# Practice surface for facepaint?



## Revenant (Mar 17, 2007)

I've never been a really good facepainter, and it has so many applications even outside of Halloween. I even have a couple of videos on technique (which admittedly I haven't looked at in a long time). It's amazing what studios like Wolfe Bros or RamDam can do with a couple tubes of liquid makeup and a few sponges. Clearly it's not complex, but requires practice. But I don't have anyone to practice on. And I can't practice on myself much (I have rosacea, repeatedly putting stuff on my face and washing it off carries a price).

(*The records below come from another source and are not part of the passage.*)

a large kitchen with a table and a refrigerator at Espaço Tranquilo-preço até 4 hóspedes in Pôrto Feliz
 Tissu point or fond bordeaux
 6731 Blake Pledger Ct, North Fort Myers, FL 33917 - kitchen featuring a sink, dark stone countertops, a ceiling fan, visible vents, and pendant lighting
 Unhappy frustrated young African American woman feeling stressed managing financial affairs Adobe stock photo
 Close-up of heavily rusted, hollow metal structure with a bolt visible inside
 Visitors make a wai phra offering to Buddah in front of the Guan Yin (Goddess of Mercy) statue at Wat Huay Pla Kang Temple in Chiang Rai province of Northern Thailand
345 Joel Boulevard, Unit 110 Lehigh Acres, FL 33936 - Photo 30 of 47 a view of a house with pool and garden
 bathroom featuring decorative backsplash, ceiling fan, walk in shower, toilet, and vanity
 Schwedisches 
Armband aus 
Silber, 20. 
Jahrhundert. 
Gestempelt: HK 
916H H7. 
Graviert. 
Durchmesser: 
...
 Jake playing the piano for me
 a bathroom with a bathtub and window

What sort of surface to you think would be best to coat a dummy head with that would wash off completely but still give a surface that the makeup would apply to and cover properly? I would think latex would become stained but silicone wouldn't cover... any ideas? Sickie? Blinky? BB? Any of you makeup-heads out there have any suggestions?


----------



## playfx (Mar 10, 2007)

Im thinking you could use a prophead of some sort or a old mask and seal it with crystal clear but im not sure about cleanup, you may have some scrubbing to do any way you go about it.


----------



## playfx (Mar 10, 2007)

Oh, this just came to me, they have those heads for kids to play makeup on, Barbie is one but I remember seeing one at big lots around Christmas time, its not full size but it may work.


----------



## Sickie Ickie (Jun 20, 2006)

Try cosmetology heads. After given haircuts for practice they are often sold. I've given more than one crewcuts or shave 'em bald because the hair was so hacked. Often you can find them for $20 or under. In my experience male cosmo heads cost more than the fems. More rare?

Kid cosmo barbies are often available around here at the thrift stores for around $3. They are smaller though, but cheaper.


----------